Morning graph
From a new dataset of CDS prices I'm working with -- this suggests that even though the credit crisis began in the summer of 2007, the market didn't pick up on Lehman's problems until Spring 2008, and even then really didn't see a problem until a few weeks before the petition date. Aren't these things supposed to help with price discovery?
I've got Morgan Stanley on the graph too for context -- Lehman's a bit more volatile, but not notably different.
Quite interesting. But are we sure we really know which way the causation does with CDS pricing? Conventional thinking is that CDS spreads reflect risk on the reference asset. But CDS are also a way of shorting an asset, so as shorting demand grows, that could result in other investors getting worried and selling off of the asset itself, which would place downward pressure on the asset price.
I wonder how much of Lehman CDS pricing can be explained by having one big sucker around (AIG)? If AIG was willing to write CDS on Lehman like a drunken sailor (mariners having a well-known propensity to spontaneously write CDS when inebriated) wouldn't that mean that the AIG price would become the market?

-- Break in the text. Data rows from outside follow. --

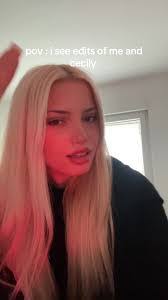 Daphne Morin's Instagram, Twitter & Facebook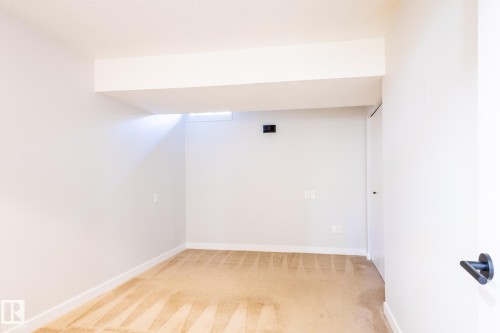 14035 121 Street, Edmonton, AB - Indoor Photo Showing Other Room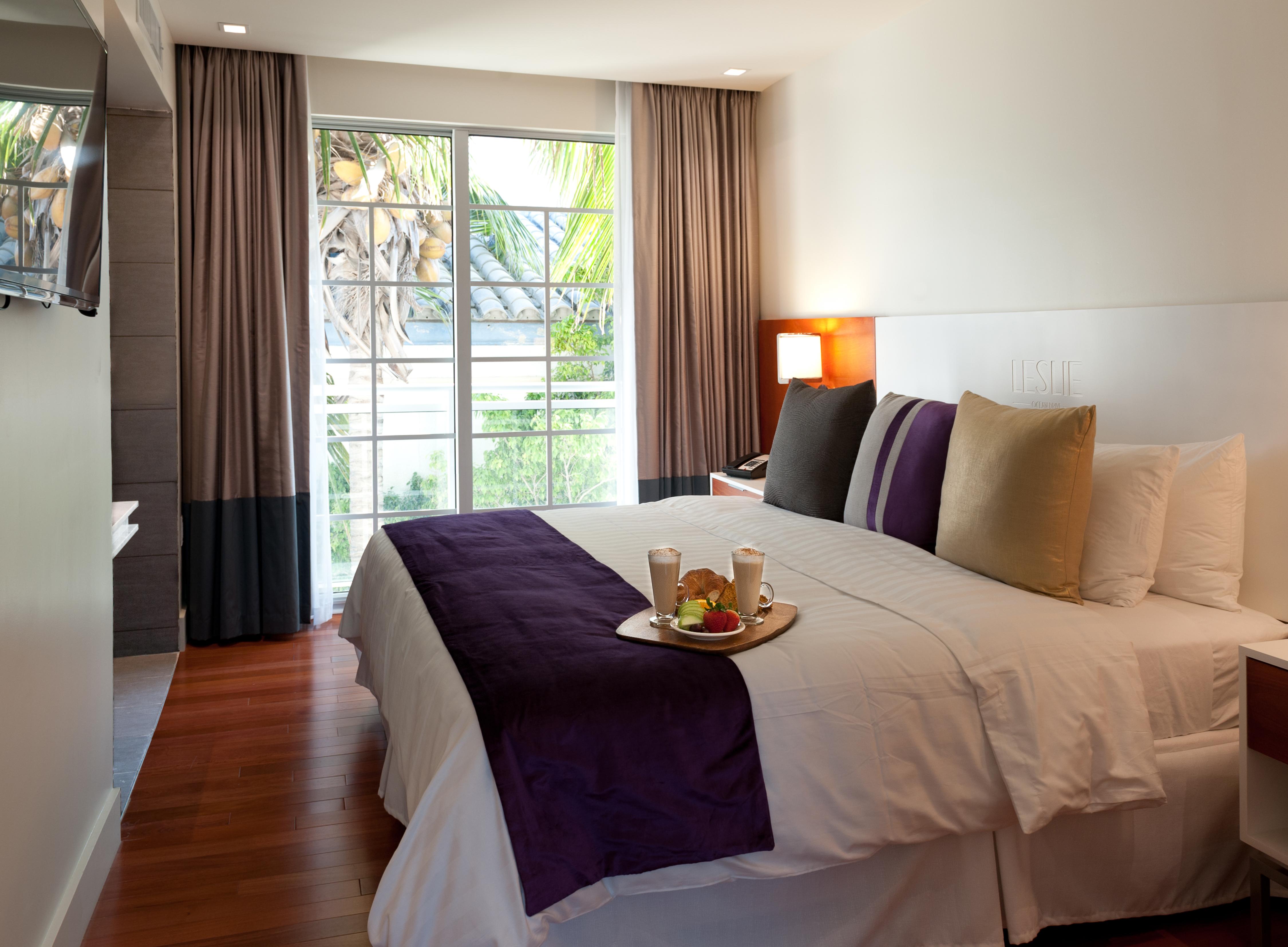 Leslie Ocean Drive 4*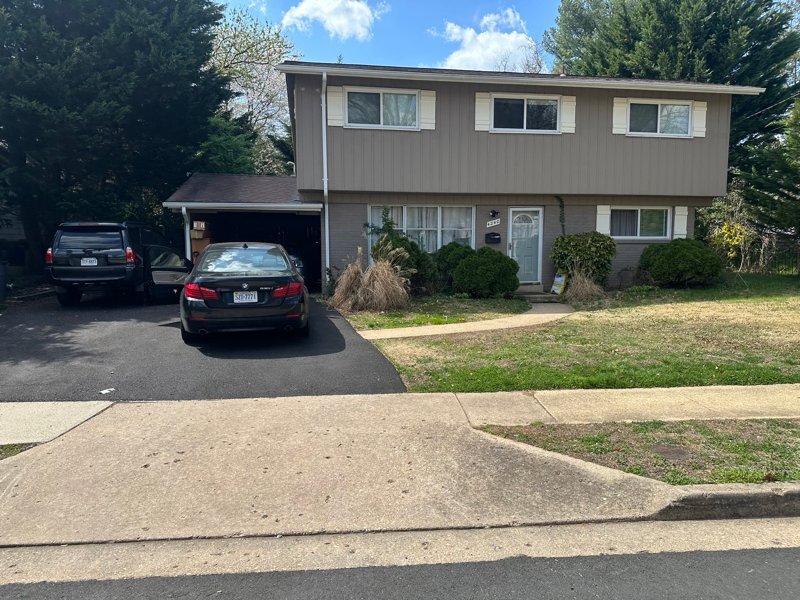 Photo - 4240 Sideburn Rd (Fairfax, VA)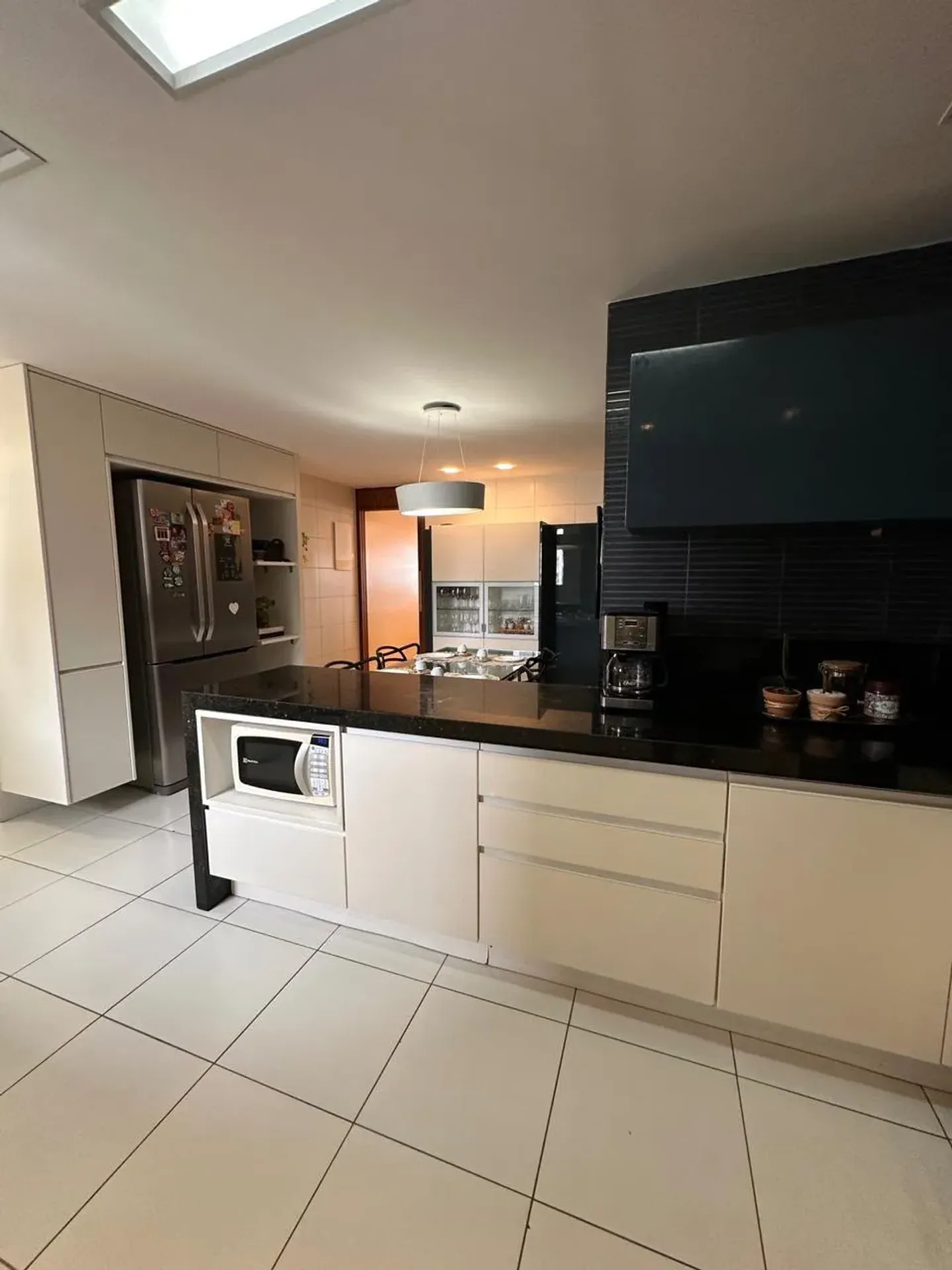 Furnished 180 m² apartment with 3 en-suites and balcony — photo 8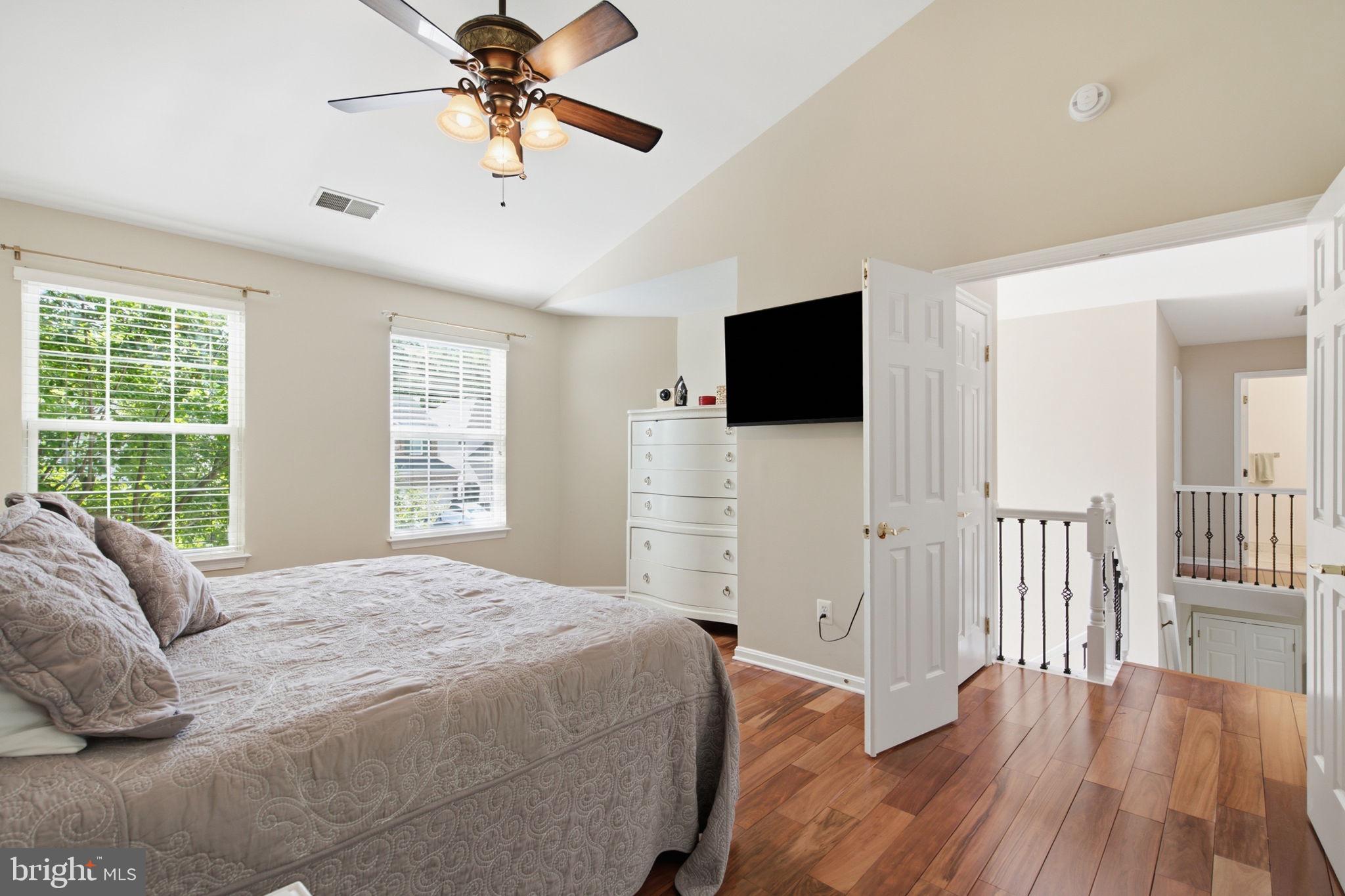 LOWES ISLAND - Residential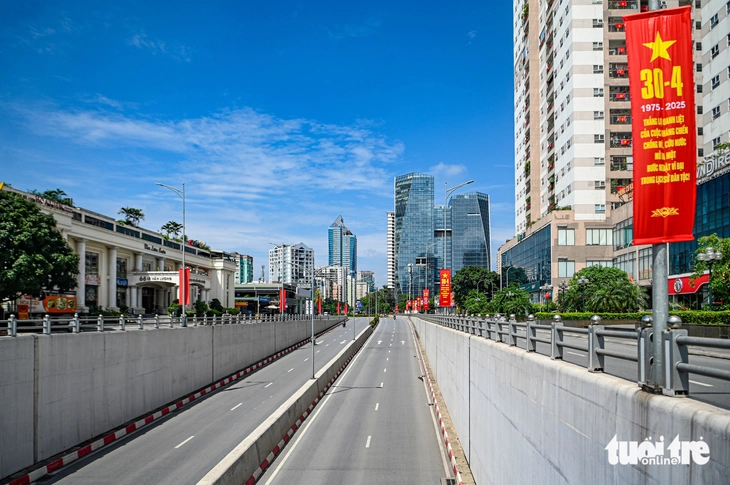 Trời hửng nắng sau mưa, đường phố Hà Nội thông thoáng ngày thứ 2 nghỉ lễ - Ảnh 13.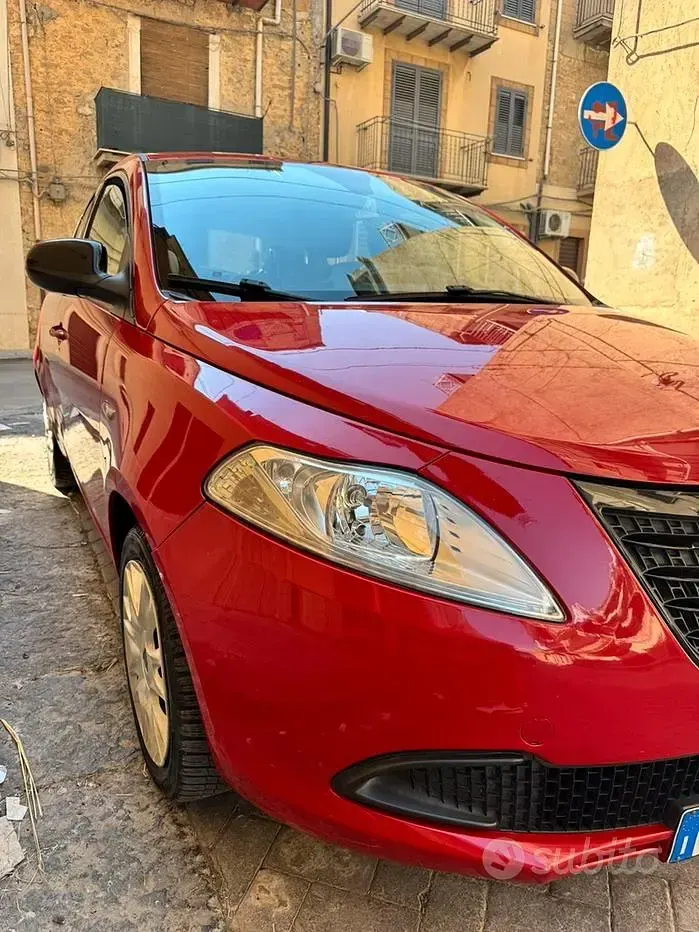 Usata Lancia Ypsilon 69 CV (50 kW) 2015 Utilitaria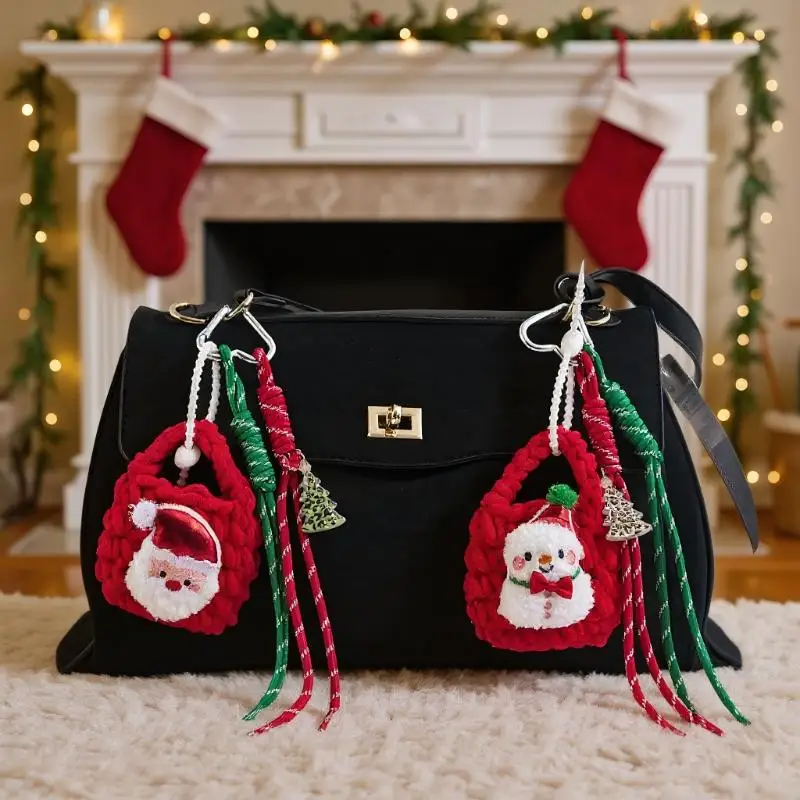 عيد الميلاد أفخم الكرتون الزنجبيل رجل عيد الميلاد إكليل قلادة المفاتيح على ظهره معلقة حلية عيد الميلاد السنة الجديدة هدية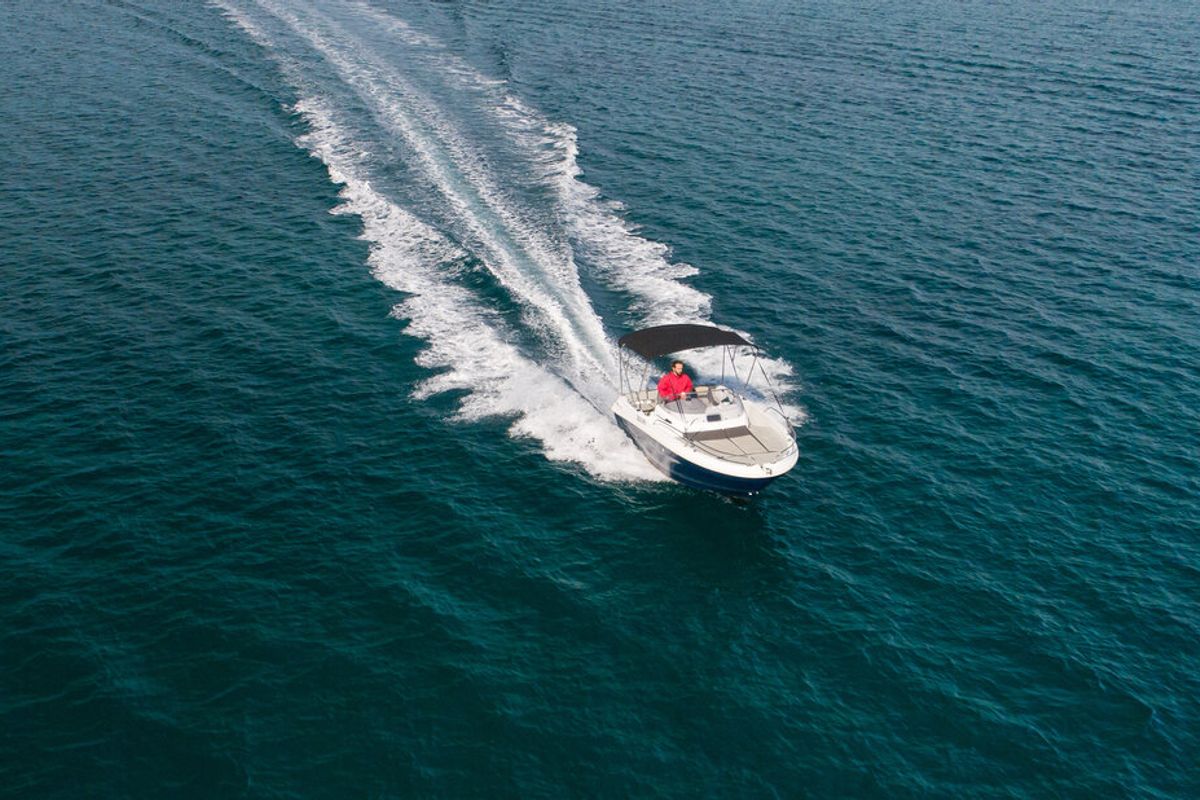 Exterior view of Cap Camarat 5.5 WA, a Jeanneau Cap Camarat 5.5 WA motorboat at Općina Medulin, Croatia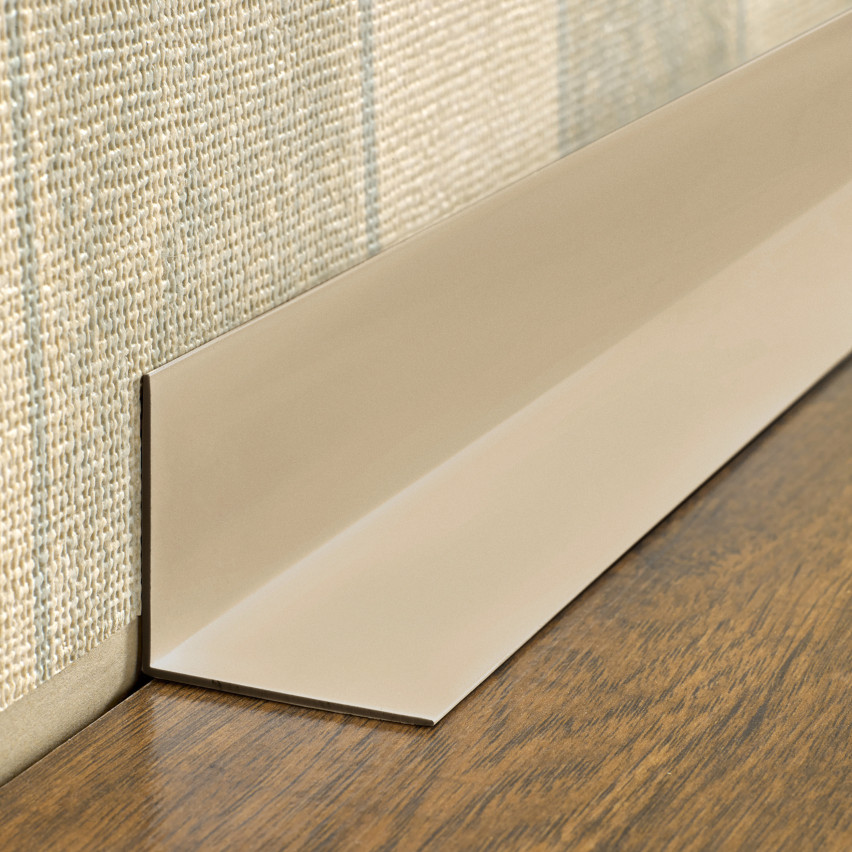 Pålimede vinkelbeslag på ydersiden, beige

Also it's worth looking at the ABX, an index of CDS on subprime mortgage backed securities. The ABX (price of CDS on subprime mortgages) spikes at the time of Lehman's bankruptcy. It's not as if Lehman's collapse resulted in worse mortgage performance, and Lehman wasn't guaranteeing any of the mortgages in the ABX reference pools. The only explanation that's left, I think, is that CDS prices are as much a function of counterparty risk as of reference asset risk.